Là encore l’action des unités russes est valorisée par de nombreuses vidéos ou photographies diffusées sur internet. Les objectifs que le ministère de la défense russe s’assigne ainsi sont bien de profiter du théâtre d’opération comme d’un laboratoire d’expérimentation en réel de matériels récents ou jamais employés encore, ce qui est par ailleurs vrai pour l’ensemble de ses opérations en Syrie. De plus, en montrant les soldats russes comme libérateurs de la ville, déminant le site antique après avoir participé à en chasser les djihadistes, l’image politique renvoyée de l’armée russe et de son intervention dans le pays s’en trouve rehaussée, la symbolique de la libération de Palmyre étant forte, car suivie au niveau mondial. De ce point de vue, l’action russe à Palmyre en 2017 est un franc succès.

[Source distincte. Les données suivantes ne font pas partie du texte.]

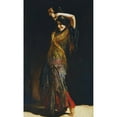 thumbnail image 2 of Leopold Schmutzler 16x24 Black Ornate Framed Double Matted Museum Art Print Titled: The Flamenco Dancer, 2 of 5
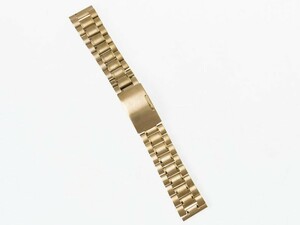 汎用 ステンレス製 腕時計 ベルト ブレスレット バンド Dバックル 交換用 20MM#ゴールド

Elle constitue d’une certaine manière un aboutissement après deux ans d’action dans le pays en soutien du régime de Bachar Al-Assad, et une démonstration de force, d’efficacité, avec une symbolique humanitaire forte qui rentre complétement dans la volonté russe de se poser en puissance protectrice du Proche-Orient, ici via la sauvegarde difficile du patrimoine historique de la ville de Palmyre.
Conclusion
Si la première reprise de Palmyre est finalement un échec, la ville retombant aux mains des djihadistes quelques mois plus tard, l’opération de 2017 peut être considérée comme une victoire militaire, stratégique, politique et communicationnelle pour l’Etat russe. Marqué par la symbolique négative de la contre-offensive de Daesh et de la déroute des forces loyalistes syriennes en plus de ses propres troupes ayant dû quitter la ville précipitamment, Moscou revoit en un an l’engagement de ses moyens et la manière dont ils sont mis en scène au grand jour. Si l’engagement reste très significatif dans les deux offensives en soutien des troupes locales ou étrangères alliées du régime, le tournant reste le passage d’un soutien par des mercenaires ou des forces spéciales au rôle important mais à l’exposition discrète, en complémentarité d’une action massive de l’aviation et des hélicoptères, à une utilisation plus grande au combat et surtout exposée au grand jour des Spetsnaz, en plus de la même action des frappes aériennes. Cette surexposition médiatique, renforcée par celle sur les actions de déminage post-reprise tourne en vraie opération de propagande, avec pour but de légitimer la politique internationale et militaire russe à l’étranger au proche-orient. L’étude de ces batailles de Palmyre souligne enfin la fragilité militaire des forces loyalistes jusqu’en 2016, forces auprès desquels l’appui russe constitue une véritable perfusion. En deux ans, cet appui se détache par ailleurs d’une certaine manière d’un simple soutien, car dans un objectif d’efficacité, les actions autonomes russes, en terme de frappes ou d’engagement au sol se multiplient, en particulier dans la 4ème bataille pour la ville, début 2017. Pour toutes ses raisons, l’action des forces russes à Palmyre est déterminante à plusieurs niveaux dans le conflit et dans la compréhension des rapports de puissance Syrie/Russie, autant que sur le fonctionnement politico-militaire russe sur le théâtre. Le parallèle à établir serait celui de l’engagement de la coalition occidentale dans la reprise de Mossoul en Irak de 2016 à 2017.